Does this help? Otherwise, maybe it is worth hopping on another call?

@mihailescum
Copy link
Contributor Author

Don't you think that can become to convoluted easily? Having to keep track of if/else statements in the _search function versus calling the motifs function with slightly modified inputs?

Anyways, first I have to implement the motif search correctly 😄

About the call, sure! I have too see how and when I get back next week, but I'd definitely like to!

@seanlaw
Copy link
Contributor

seanlaw commented May 28, 2020

Agreed. Let’s get something working first and let’s iterate and not be attached to what we decide now

@seanlaw
Copy link
Contributor

seanlaw commented Mar 13, 2021

This is due to the possibility of passing max_matches=None and if we would track this case separately, I feel like everything would be more complicated. I don't think that this motif discovery is performance critical, so using built in python functionality should be fine.

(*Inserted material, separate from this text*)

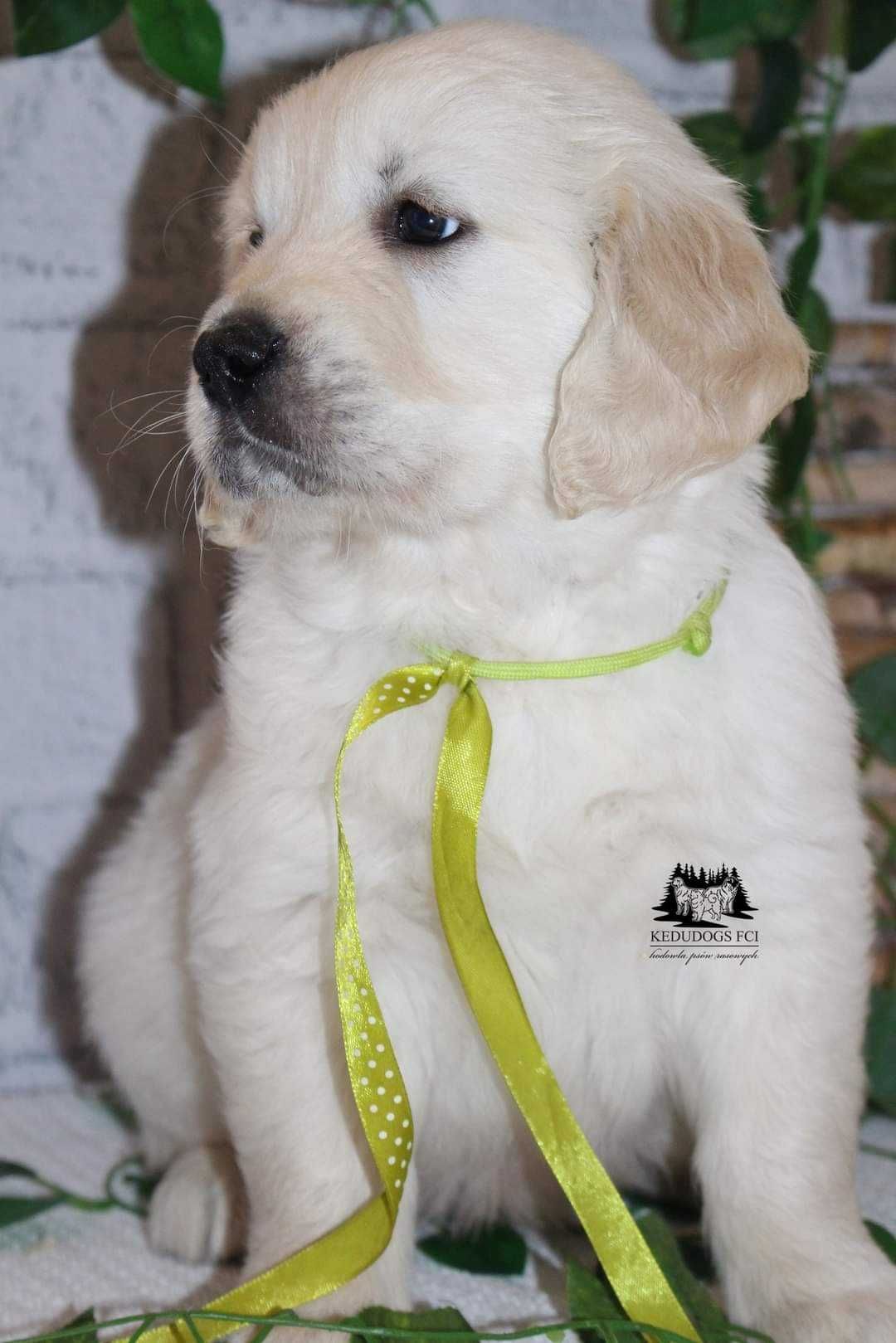 Golden retriever piesek-chłopiec ZKwP FCI gotowy do odbioru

Sorry, I missed that max_matches can be None (i.e., the number of matches may be larger). Thank you for explaining that! In that case I think everything is ready to merge except for one small issue. Currently, the _jagged_list_to_array docstring and parameter still refers to x and should be changed to a:

Fits a 2d jagged list into a 2d numpy array of the specified dtype.
The resulting array will have a shape of (len(x), v), where v is the length
of the longest list in x. 

and

x : list

@mihailescum
Copy link
Contributor Author

I fixed the docstring, I should be fine now. Moreover, I slightly changed the default behavior if atol=None in the match function.

@seanlaw
Copy link
Contributor

seanlaw commented Mar 13, 2021

I fixed the docstring, I should be fine now. Moreover, I slightly changed the default behavior if atol=None in the match function.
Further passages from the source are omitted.